[Web page caption snippets]
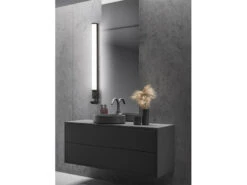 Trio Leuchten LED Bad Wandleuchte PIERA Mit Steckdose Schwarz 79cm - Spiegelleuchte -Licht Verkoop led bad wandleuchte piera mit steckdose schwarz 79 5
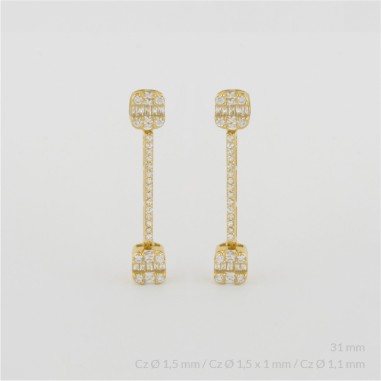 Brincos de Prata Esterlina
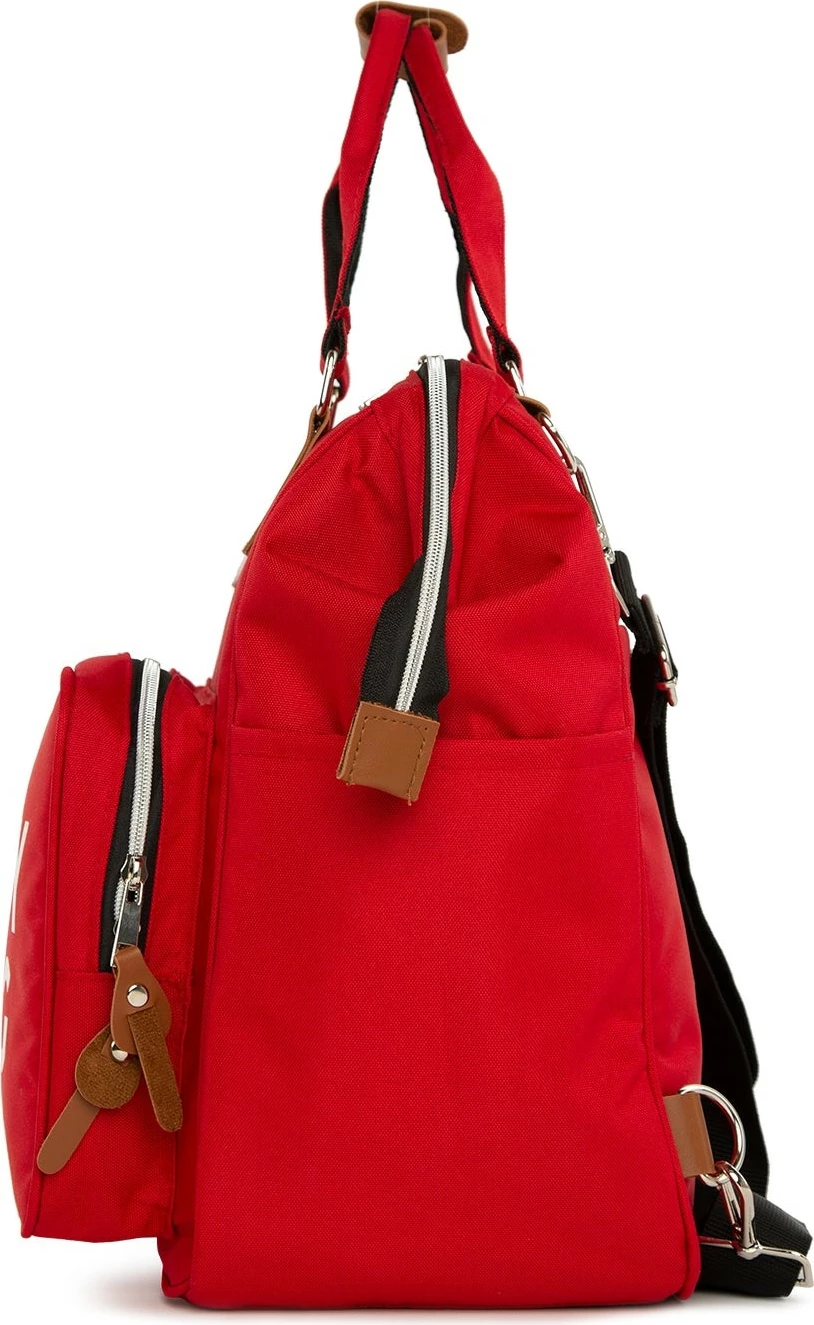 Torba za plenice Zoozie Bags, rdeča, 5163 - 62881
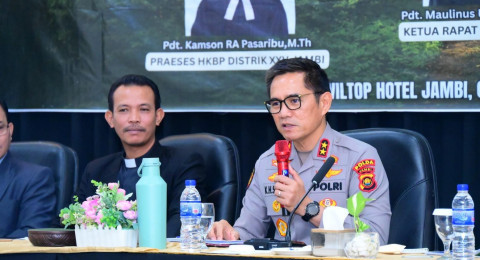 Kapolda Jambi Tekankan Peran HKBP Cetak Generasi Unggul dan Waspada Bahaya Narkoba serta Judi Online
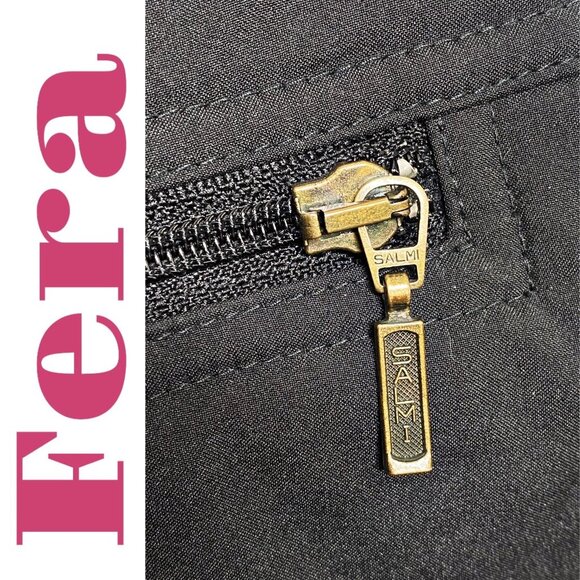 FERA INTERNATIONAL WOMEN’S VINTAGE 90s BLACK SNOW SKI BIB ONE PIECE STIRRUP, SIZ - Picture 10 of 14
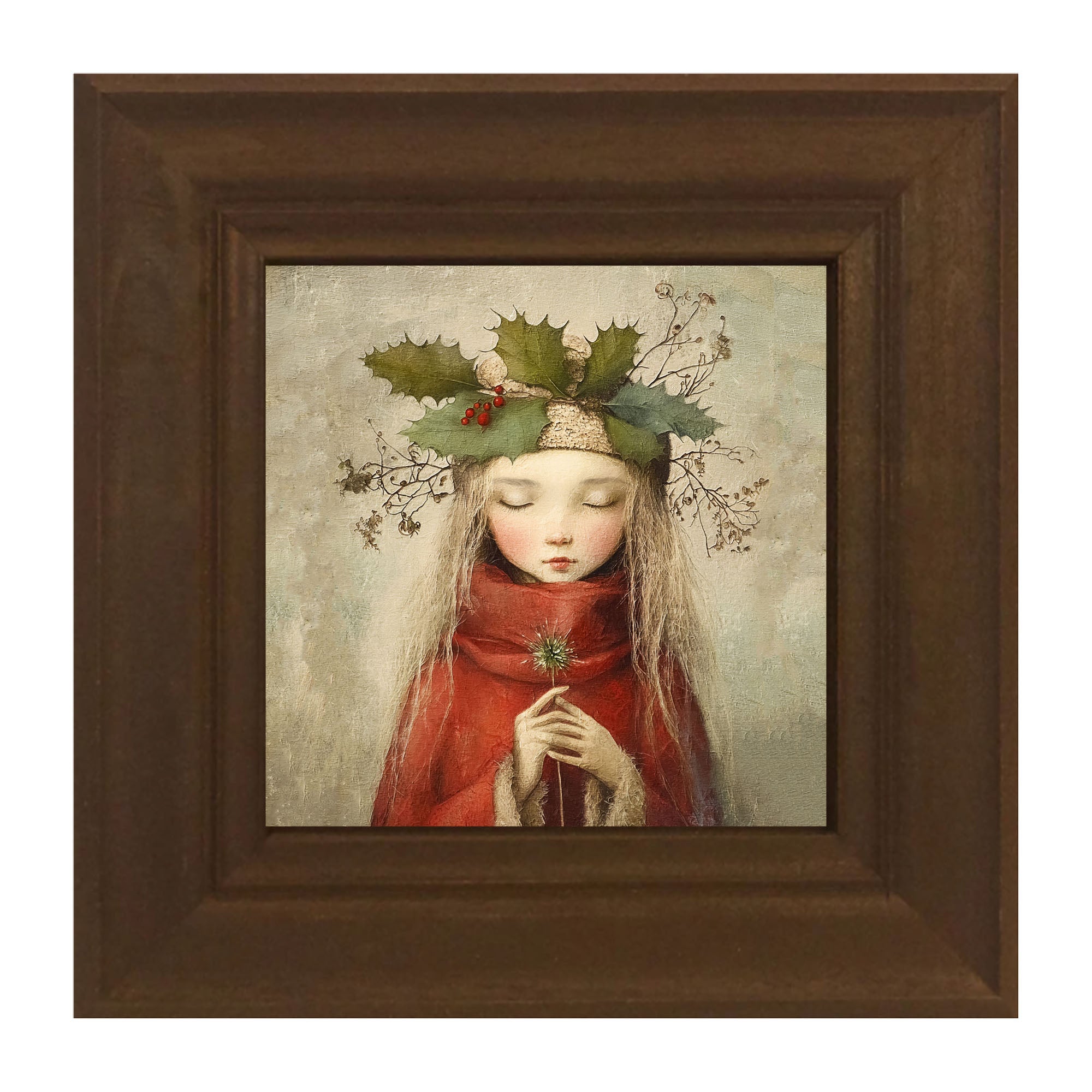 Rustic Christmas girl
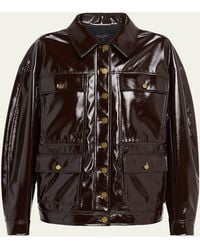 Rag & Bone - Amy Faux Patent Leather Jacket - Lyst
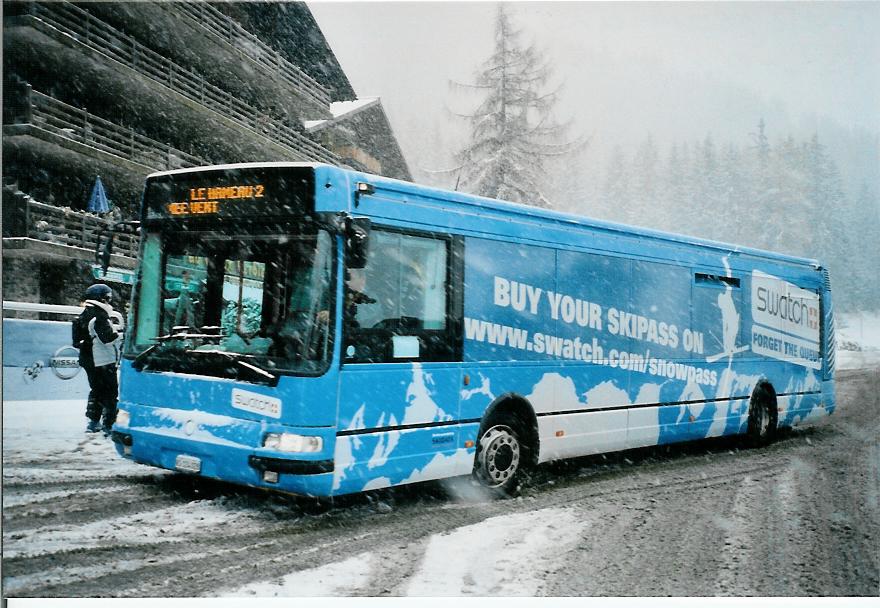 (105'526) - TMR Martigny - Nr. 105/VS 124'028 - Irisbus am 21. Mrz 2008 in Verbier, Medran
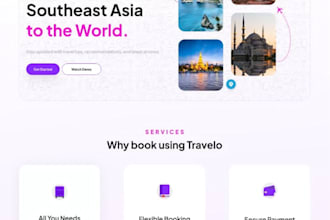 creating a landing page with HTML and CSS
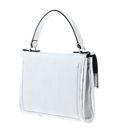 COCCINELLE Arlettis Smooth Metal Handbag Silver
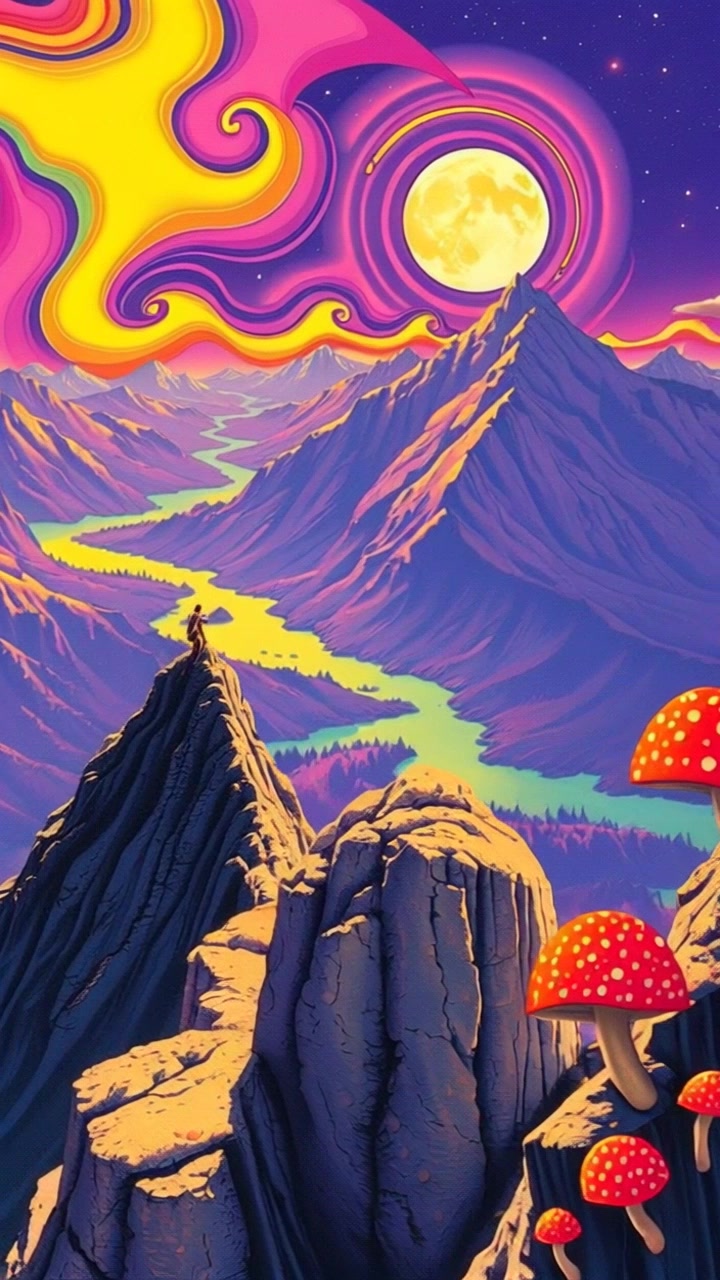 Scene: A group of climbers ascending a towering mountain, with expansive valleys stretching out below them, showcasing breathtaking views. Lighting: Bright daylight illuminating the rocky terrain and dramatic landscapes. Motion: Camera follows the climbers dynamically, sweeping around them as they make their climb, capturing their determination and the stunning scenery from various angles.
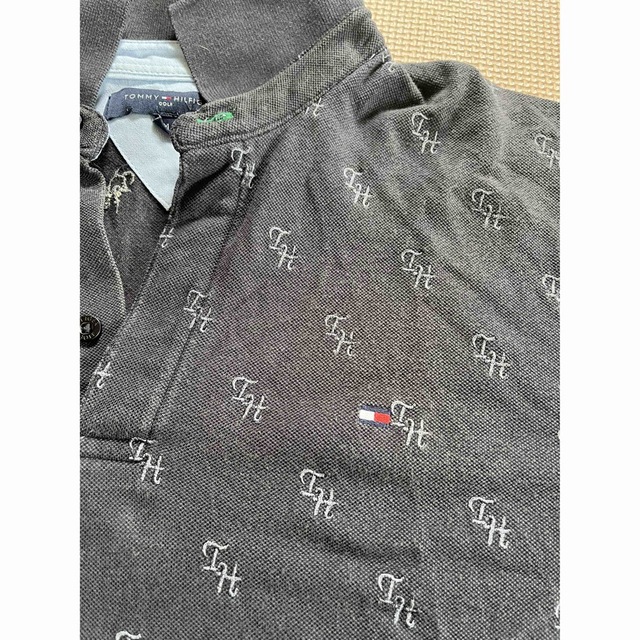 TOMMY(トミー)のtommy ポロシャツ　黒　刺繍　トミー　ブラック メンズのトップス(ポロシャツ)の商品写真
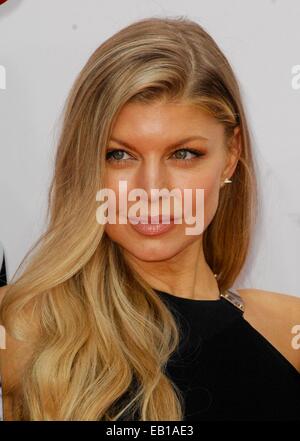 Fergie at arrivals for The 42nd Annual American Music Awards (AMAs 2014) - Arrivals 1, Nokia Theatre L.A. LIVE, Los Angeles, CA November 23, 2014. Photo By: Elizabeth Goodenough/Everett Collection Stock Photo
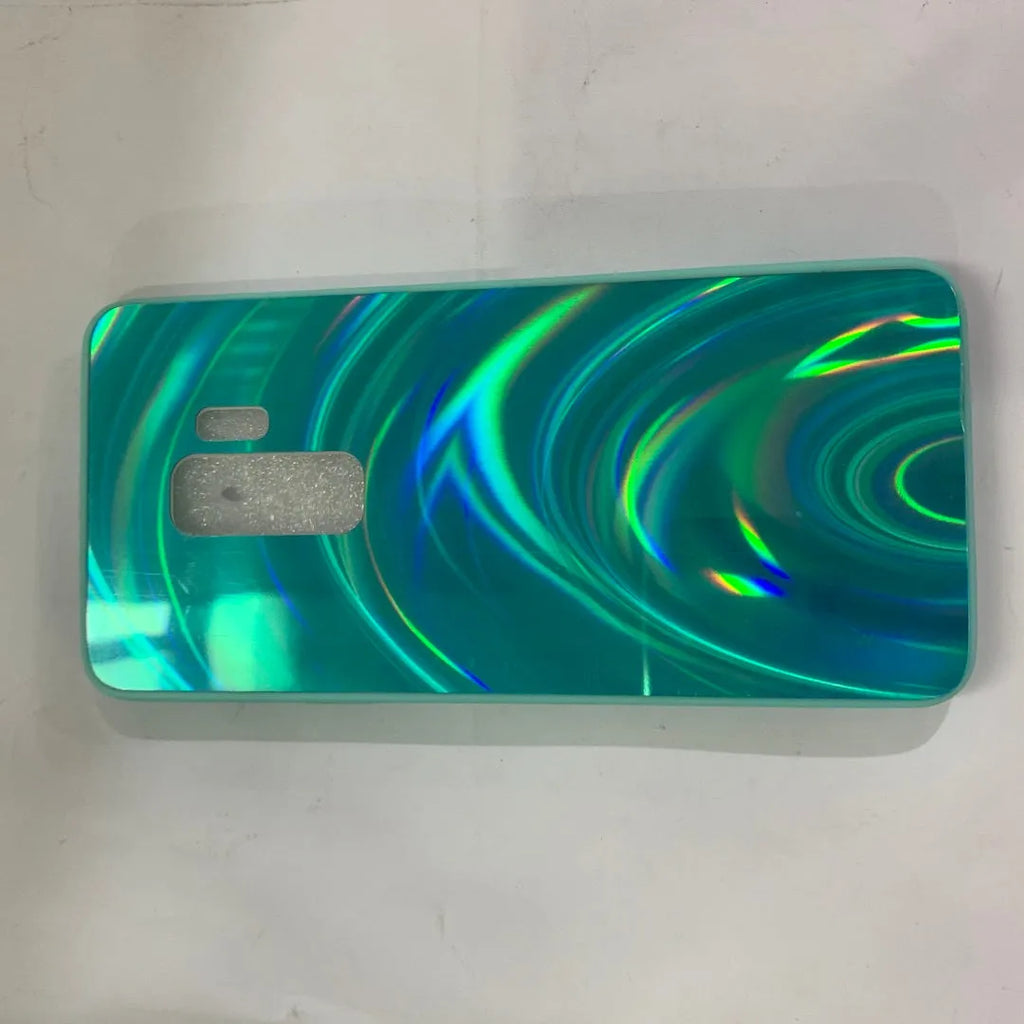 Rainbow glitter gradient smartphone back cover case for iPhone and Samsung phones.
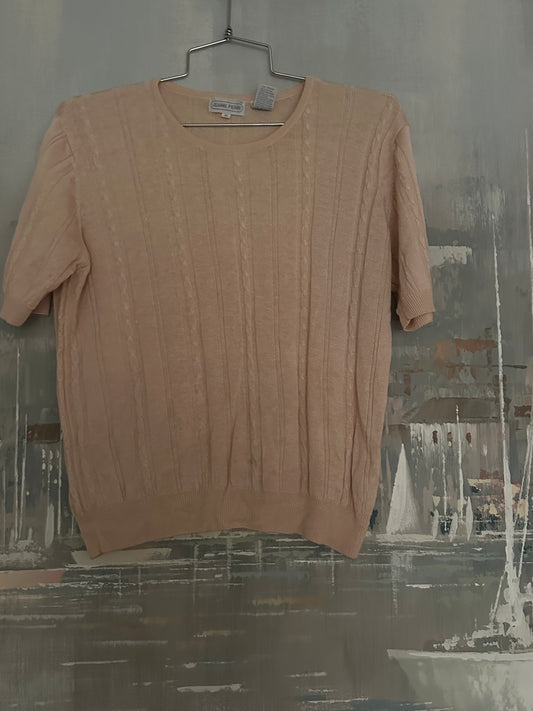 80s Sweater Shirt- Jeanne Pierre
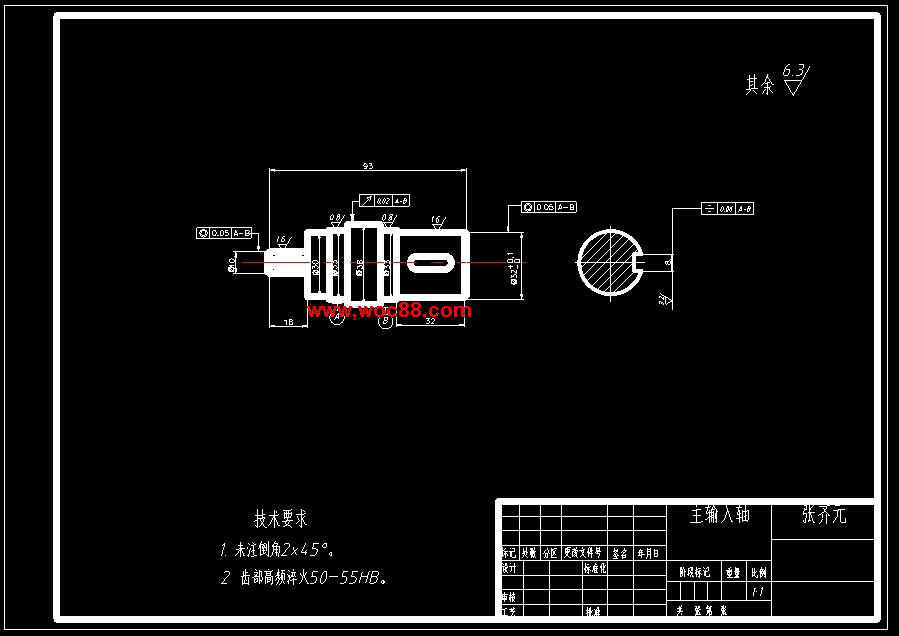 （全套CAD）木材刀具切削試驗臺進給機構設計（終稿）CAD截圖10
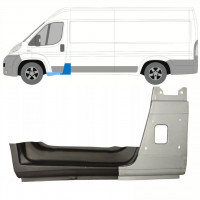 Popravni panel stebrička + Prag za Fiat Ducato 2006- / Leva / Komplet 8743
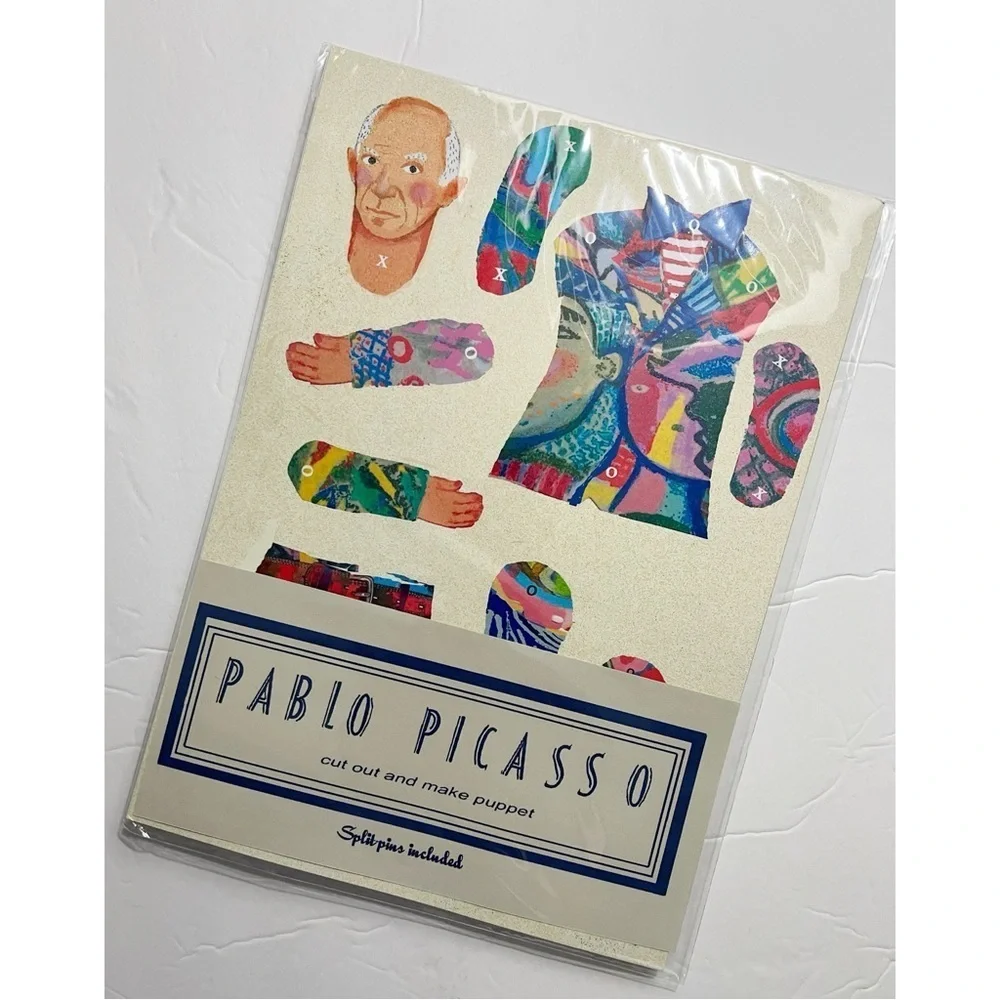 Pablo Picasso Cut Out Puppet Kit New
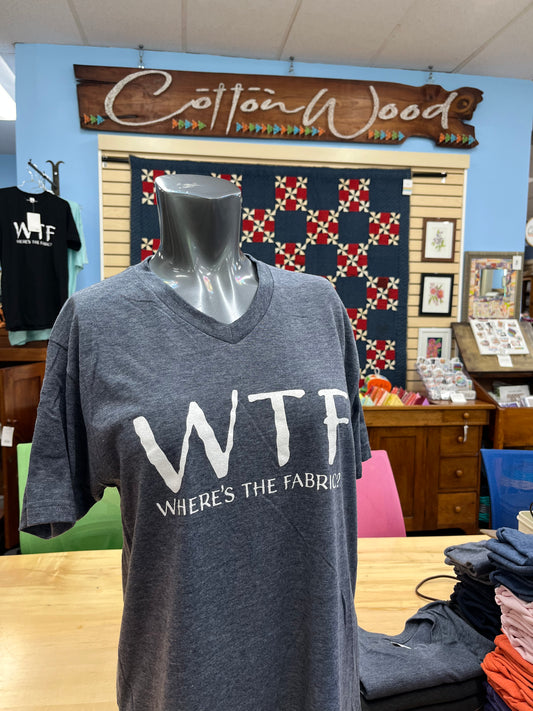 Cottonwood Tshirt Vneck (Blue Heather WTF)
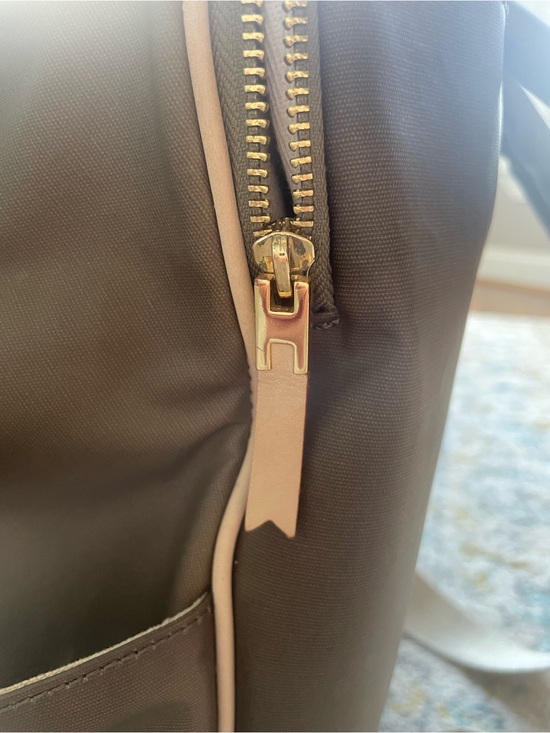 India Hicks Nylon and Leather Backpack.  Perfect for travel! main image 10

◆ **Brief**: Retype the entries above exactly, starting at their first line and ending with the line that holds "FERA INTERNATIONAL WOMEN’S"; pictures stay out.

◆ **Exercise output**:
 Trio Leuchten LED Bad Wandleuchte PIERA Mit Steckdose Schwarz 79cm - Spiegelleuchte -Licht Verkoop led bad wandleuchte piera mit steckdose schwarz 79 5
 Brincos de Prata Esterlina
 Torba za plenice Zoozie Bags, rdeča, 5163 - 62881
 Kapolda Jambi Tekankan Peran HKBP Cetak Generasi Unggul dan Waspada Bahaya Narkoba serta Judi Online
 FERA INTERNATIONAL WOMEN’S VINTAGE 90s BLACK SNOW SKI BIB ONE PIECE STIRRUP, SIZ - Picture 10 of 14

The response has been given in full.